Al IV Congresso di IndustriALL Europe in corso a Budapest, la Fim-Cisl ha presentato la mozione, approvata all’unanimità, “I sindacati dell’industria costruttori di Pace”. La proposta, rivolta ai sindacati aderenti a IndustriALL Europe, è quella di mettere in campo, davanti ai tanti conflitti e guerre che stanno uccidendo migliaia di civili, di organizzare un incontro tra le organizzazioni affiliate per discutere e individuare iniziative volte a costruire ponti di pace tra i popoli, sensibilizzando i lavoratori e i sindacati che li rappresentano.
“La guerra si presenta come metodo di risoluzione delle controversie tra i popoli, senza lasciare nessuno spiraglio alla diplomazia” e questo “è inaccettabile”. Così il segretario generale della Fim-Cisl, Ferdinando Uliano, intervenendo al Congresso. “Nei conflitti crescono i morti civili, le immagini di bambini coperti di sangue, persi tra le macerie scuotono le nostre coscienze di esseri umani. La smania di ognuna delle parti in guerra di “incidere nelle coscienze” la propria vittoria ha creato migliaia di piccole sconfitte. Un’intera generazione di bambini, presumibilmente crescerà e vivrà con il trauma dei missili, dei bombardamenti e delle sirene, covando odio e vendetta.

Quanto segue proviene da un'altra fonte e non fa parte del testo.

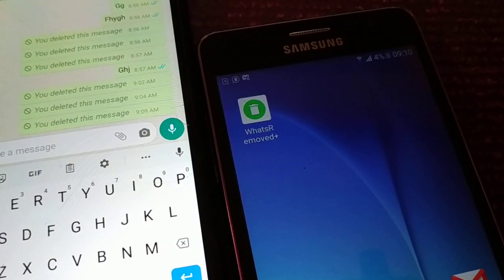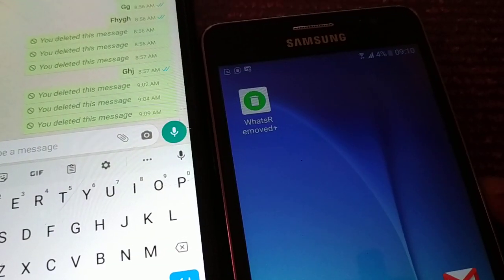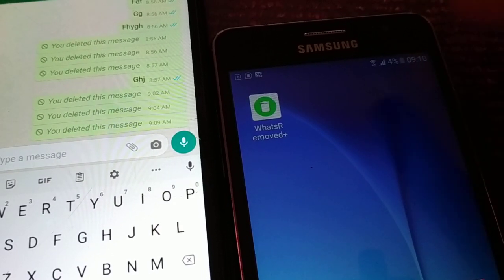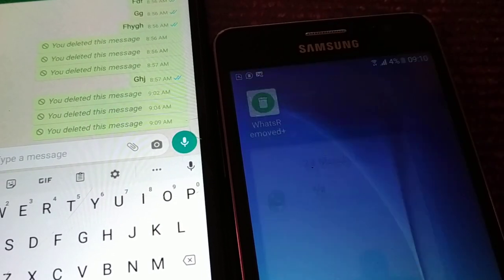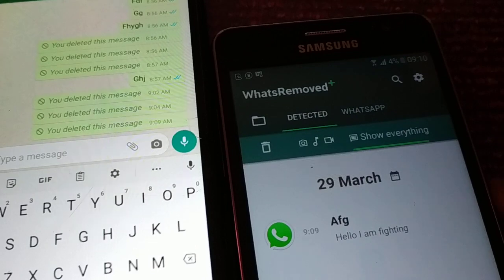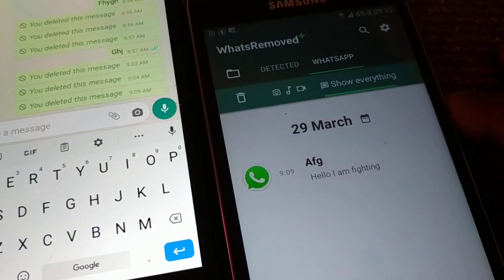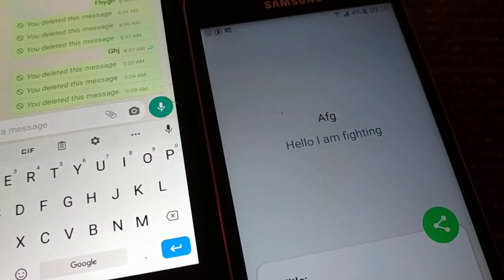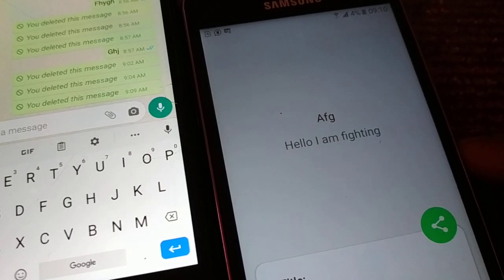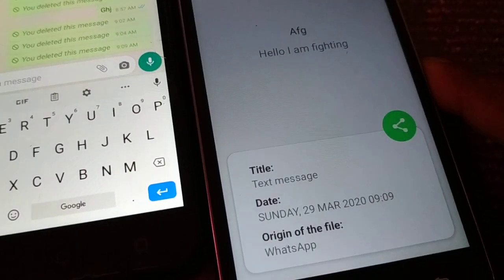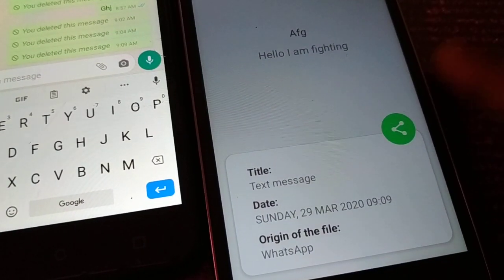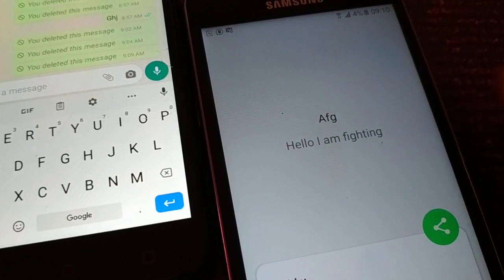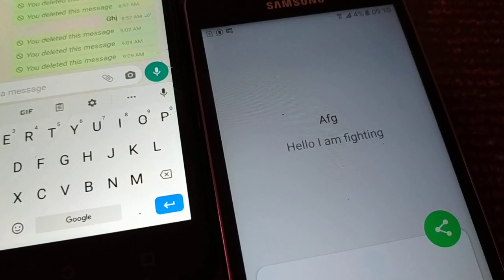You know you have the What's Removed application running in the background. Turn on the application, click on WhatsApp, and you can see the message he sent — 'I am fighting' — even though it was deleted, along with the date and time it was received. This way you can track all your deleted messages.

Questa spirale si deve fermare”. Davanti a tutto ciò, sottolinea Uliano, “non possiamo restare indifferenti. Dobbiamo, mettere l’umanità al centro delle nostre scelte, creando strutture a livello mondiale che garantiscano la Pace, superando le divisioni nazionali e culturali esistenti, che sono causa delle guerre. Il pacifismo rappresenta un punto avanzato dell’evoluzione culturale del genere umano, in cui la ragione domina sugli istinti aggressivi”.
Il leader della Fim-Cisl, poi, non ha mancato di analizzare lo stato dell’arte dell’industria metalmeccanica, evidenziando l’inadeguatezza delle risposte dell’Europa alla crisi industriale in corso. “È necessario mettere in discussione il patto di stabilità, per attuare politiche espansive e rilanciare l’investimenti, prevedere un apposito fondo strategico per aumentare l’investimenti nel settore industriale e mettere a disposizione per la sostenibilità sociale ammortizzatori sociali adeguati, la formazione delle competenze e forme di riduzione dell’orario di lavoro. Il sindacato europeo- conclude – deve adottare forme di mobilitazione del sindacato a sostegno delle proprie richieste e del dialogo sociale”.